Being a Mom has many challenges. Lately I've been running through a big one, learning to change my perceptions as my children get older. When they were young and I was in complete control it was easier but now I'm evolving along with them. Understanding that at some point they have to make their own decisions and learn from their own mistakes. With two over 18 you'd think I'd have that part down pat but I don't. I'm still working on it and I suspect it's a life-long endeavor.
I had an interesting discussion the other day with someone whose children are still in elementary school. I was talking about how I have learned to let go of certain things that I used to control very tightly (what my children watched on tv, what books they read, those kinds of things). I casually mentioned that I had turned off the parental controls on V's computer access because I felt that at 18 she was old enough to have learned the lessons we hoped to impart to her and that at some point she's going to have to learn to deal with what is out there in the big wide world. This other person disagreed with me mentioning that she felt I allowed my children too much access to things that she wouldn't let her children near.
Another friend told me she thinks my children are too sheltered and too naive because her children know "how things really are" and that she feels I am doing my children a disservice by not allowing them to see the world as it exists around them.
Someone else told me I am too soft on my children and they need to be exposed to harsh realities to help them "get tough".
That's okay, everyone has different view points but it's been an interesting couple of weeks. It also made me think. How the heck do we do this? How do we learn to make these decisions and when to allow our children to grow into their own sense of responsibility and maturity? D is about to turn 13. That means PG-13 movies will now be allowed. That's a big thing in this house. Of course about two weeks later it will turn into a request for R movies because "everyone watches them" and the movie ratings battle will continue for another 4 years. I've been through it with the other two and I know it's coming. My response is always, "But you're going to be over X for the rest of your life, why are you in such a hurry to get there?" It's also because I do believe that if they are overly exposed to some of this stuff it is densensitizing. So I pull parental rank and say no.
A new area of "letting go" has been their rooms. In the past I had certain expectations about how they kept their rooms. Beds had to be made, closets neat, a place for everything and everything in it's place. But as the kids have gotten older they seem to have gotten messier. And the mess spread out all over the place, the kitchen, living room, hallway, basement.
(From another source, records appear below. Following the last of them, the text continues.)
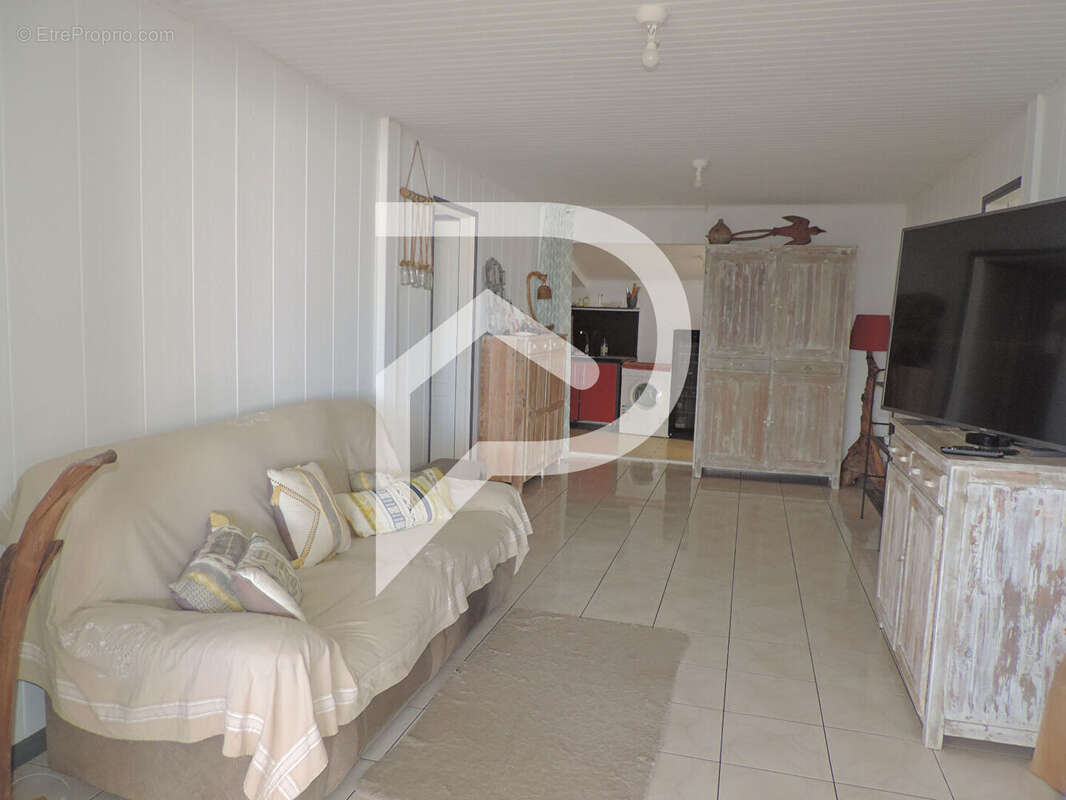 Maison à PETITE-ILE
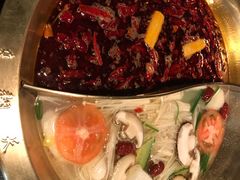-重庆爽翻天老火锅(临平万达广场店)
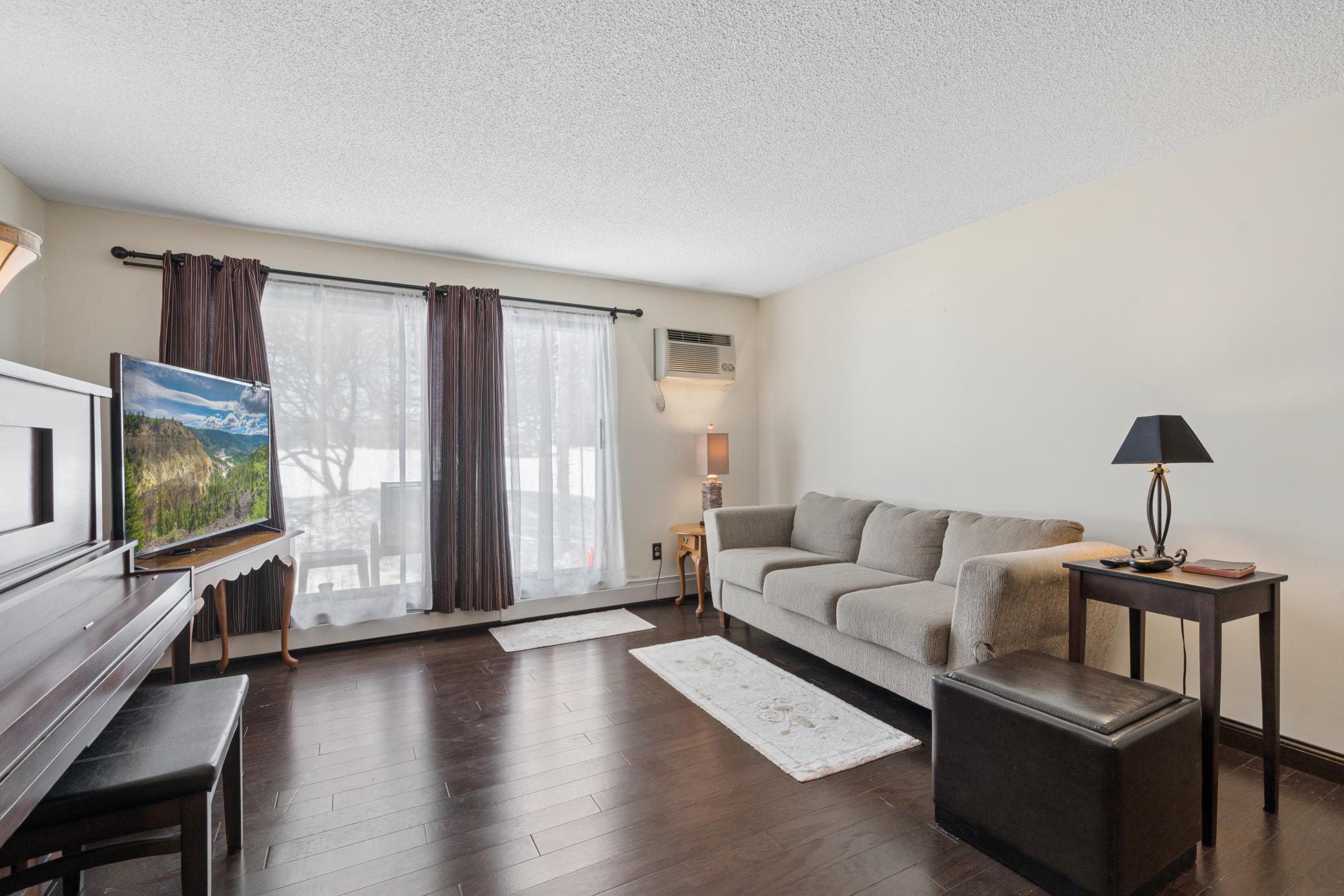 Homes for sale in Saint Anthony, MN | 4002 Foss Rd #102, Saint Anthony, MN 55421 | MLS# 7039725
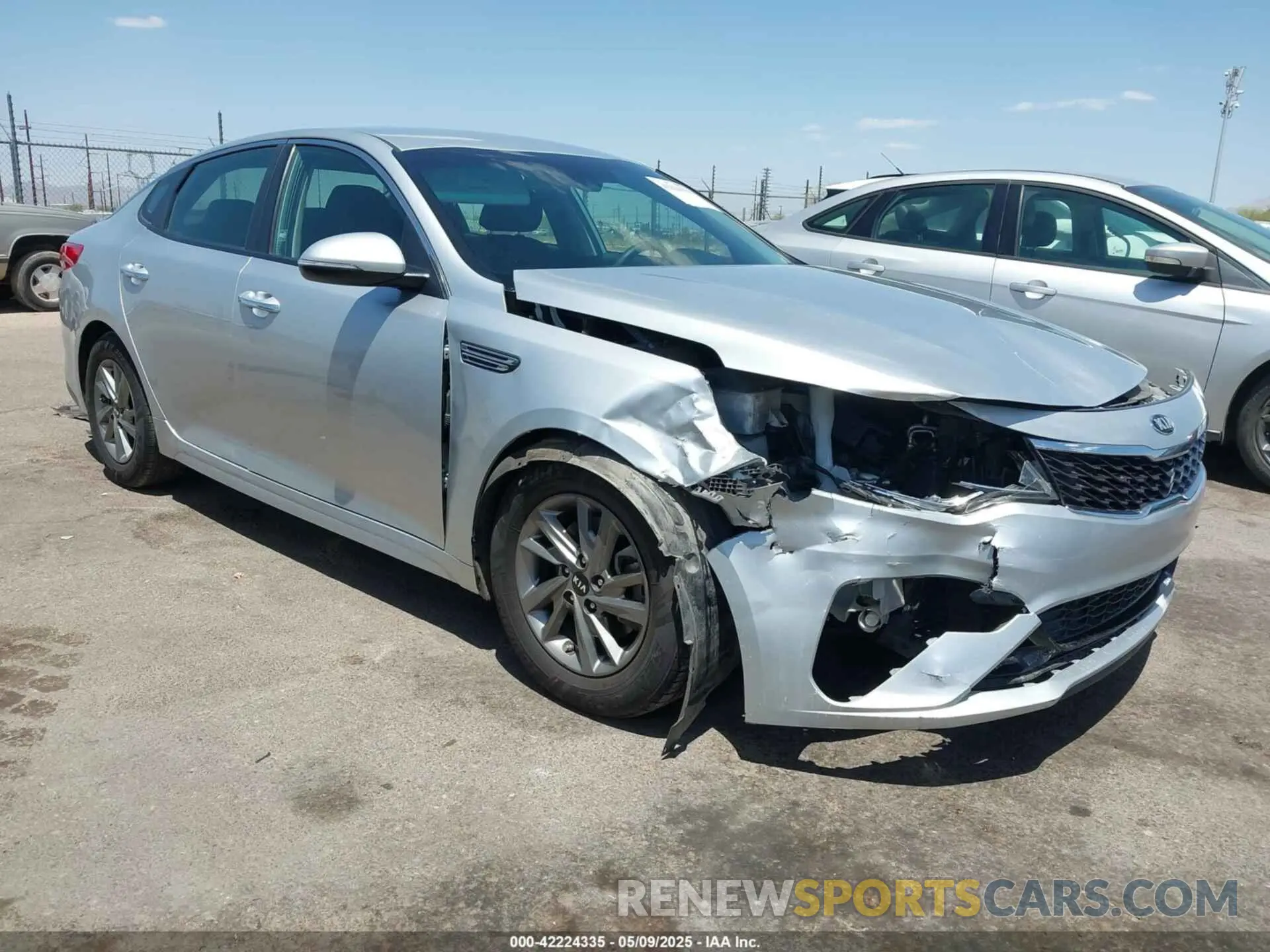 1 Photograph of a damaged car 5XXGT4L30KG334033 KIA OPTIMA 2019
It radiated all over the house. I spent hours working with them (and frequently by myself if the truth be told) picking up the house. Then we would work together to reorganize their rooms, literally hours spent sorting, hundreds spent on organizing thingies, only to have it fall apart again. Meanwhile I was becoming exhausted, frustrated and felt that I was at my wits end trying to stay on top of this.
Talking to another friend I have changed my viewpoint. I now allow them to keep their room however they want it as long as it is not unhygenic (in other words too smelly). I simply close the door every morning when they leave for school and ignore their rooms completely. In return they keep their junk out of the rest of the house. If they don't I ask them once to pick it up. If they don't I put it all in a bag, open the door to their room, put the bag in there and then close the door. The end result? The house is a lot cleaner! It's amazing how that works. Their rooms? Well let's just say I'm tempted to buy a "this property condemned" sign or some of that "police line do not cross" tape. But the good news is, I just close the door. I take a good whiff every morning before I do, if the room smells I tell them and they are required to take care of it. I'll be honest if I look at their room too much it drives me absolutely insane. I can't imagine trying to function with toys and such all over the place. But it's worth the price of my sanity to let them try to figure this out for themselves.
I guess the answer is we just keep trying. Talk to others, try those things that sound workable for us and if they don't work try something else. In other words, keep evolving.